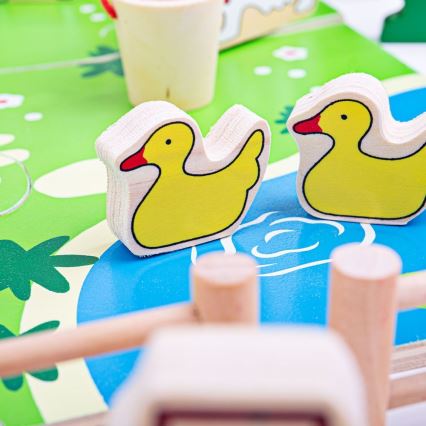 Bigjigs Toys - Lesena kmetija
──────
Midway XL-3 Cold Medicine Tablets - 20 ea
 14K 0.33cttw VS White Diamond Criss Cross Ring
──────
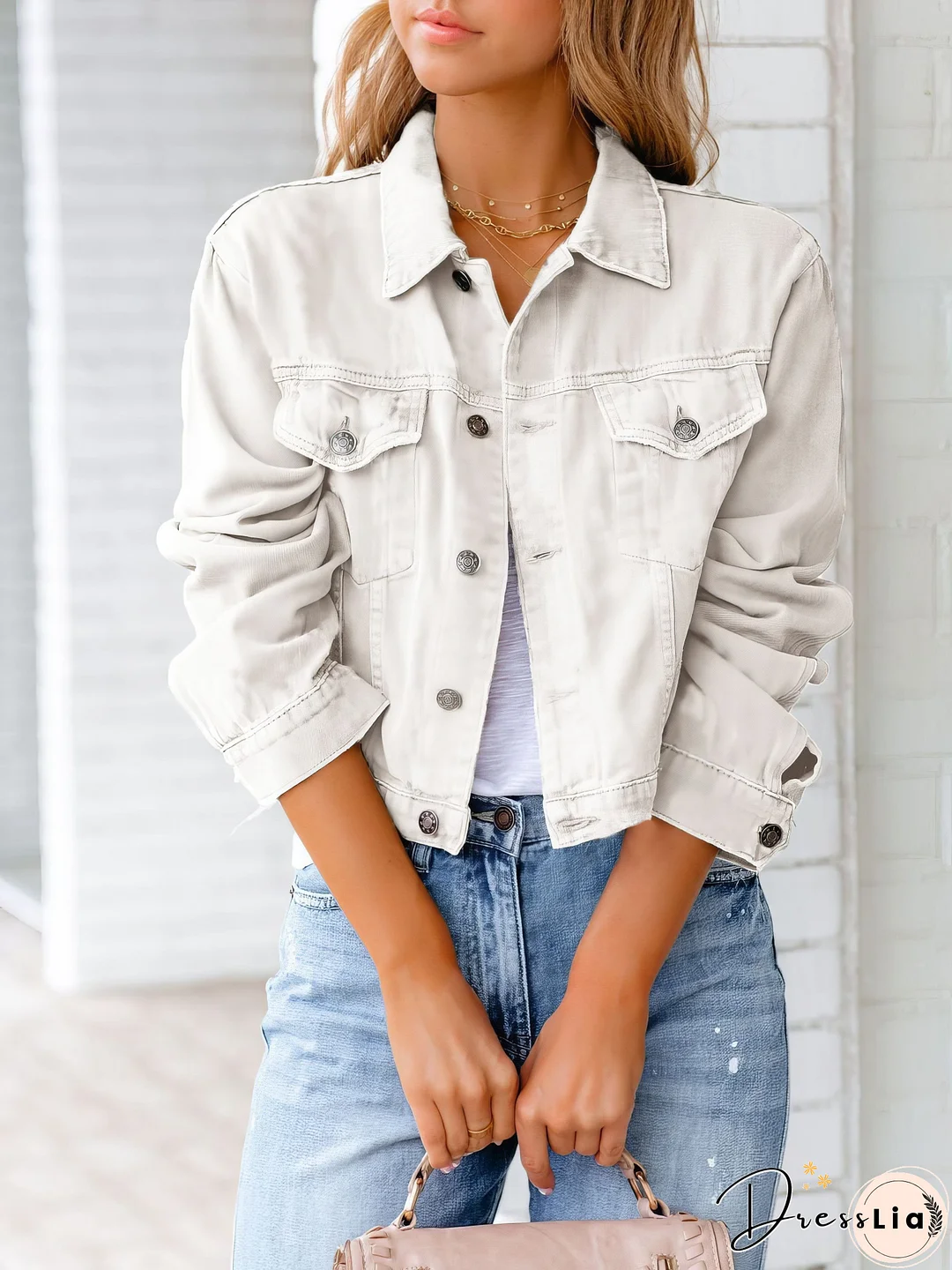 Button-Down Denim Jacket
──────
EXERCISE REQUIREMENTS
Among the entries above, the line containing "Midway XL-3 Cold Medicine Tablets - 20 ea", the line containing "14K 0.33cttw VS", and all lines between them are to be restated word for word; nothing else belongs in the reply.

RESULT OF THIS TASK
Midway XL-3 Cold Medicine Tablets - 20 ea
 14K 0.33cttw VS White Diamond Criss Cross Ring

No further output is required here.